• [Work item] Return only the lines below starting at the line containing "Funny Hinglish Quote" and ending at the line containing "Teak Finish, Brown", both included, exactly as they are and with no pictures.

• [Task material]
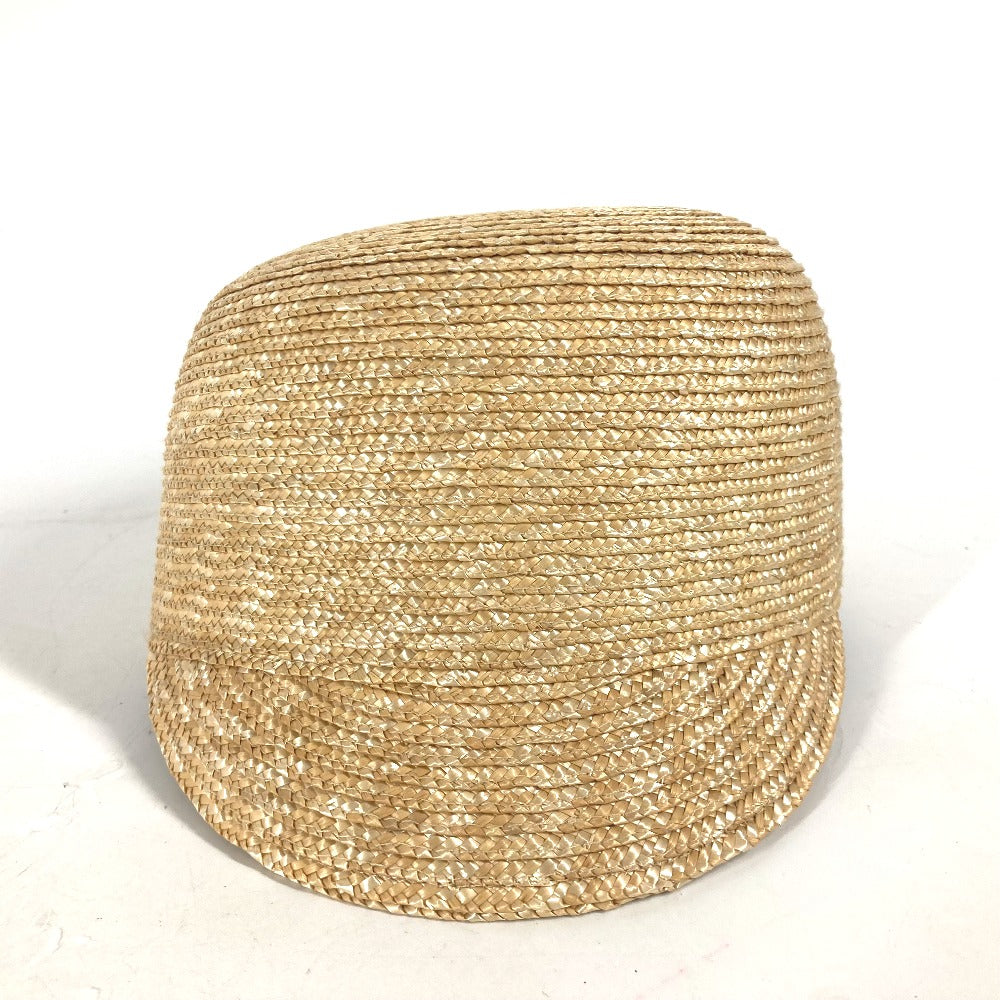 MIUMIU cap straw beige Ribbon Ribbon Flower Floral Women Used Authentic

---

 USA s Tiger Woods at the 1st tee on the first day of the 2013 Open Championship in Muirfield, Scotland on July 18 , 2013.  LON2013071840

--

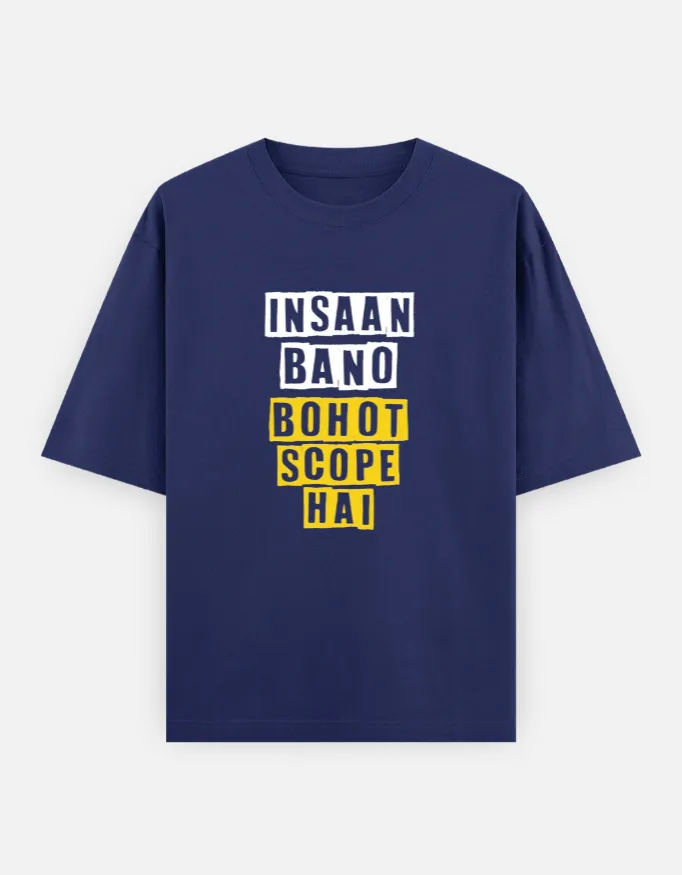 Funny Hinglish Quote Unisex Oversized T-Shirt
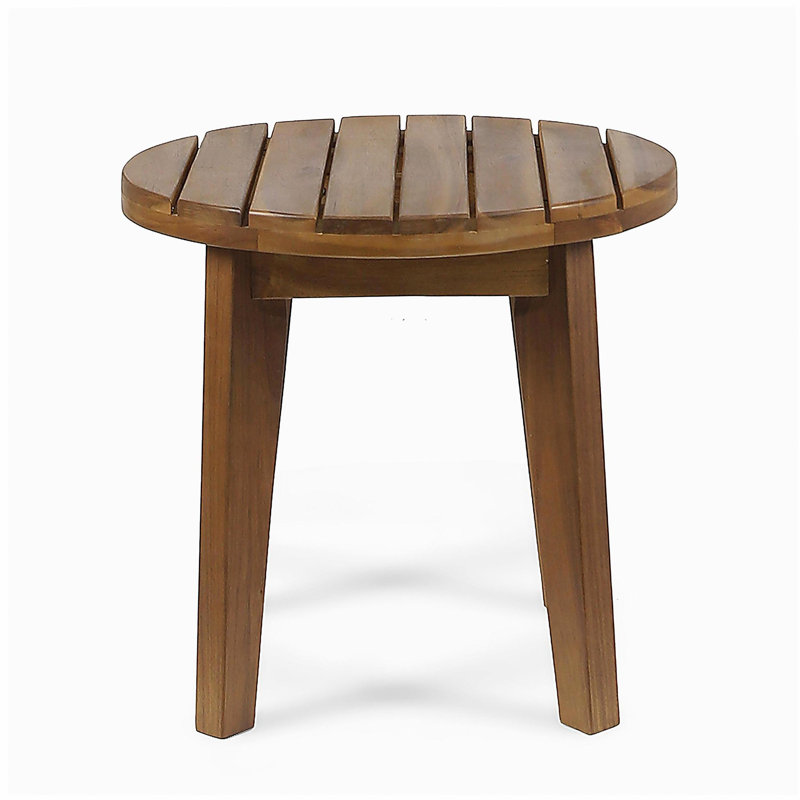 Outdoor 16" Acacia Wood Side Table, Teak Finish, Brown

• [Written response]
 Funny Hinglish Quote Unisex Oversized T-Shirt
 Outdoor 16" Acacia Wood Side Table, Teak Finish, Brown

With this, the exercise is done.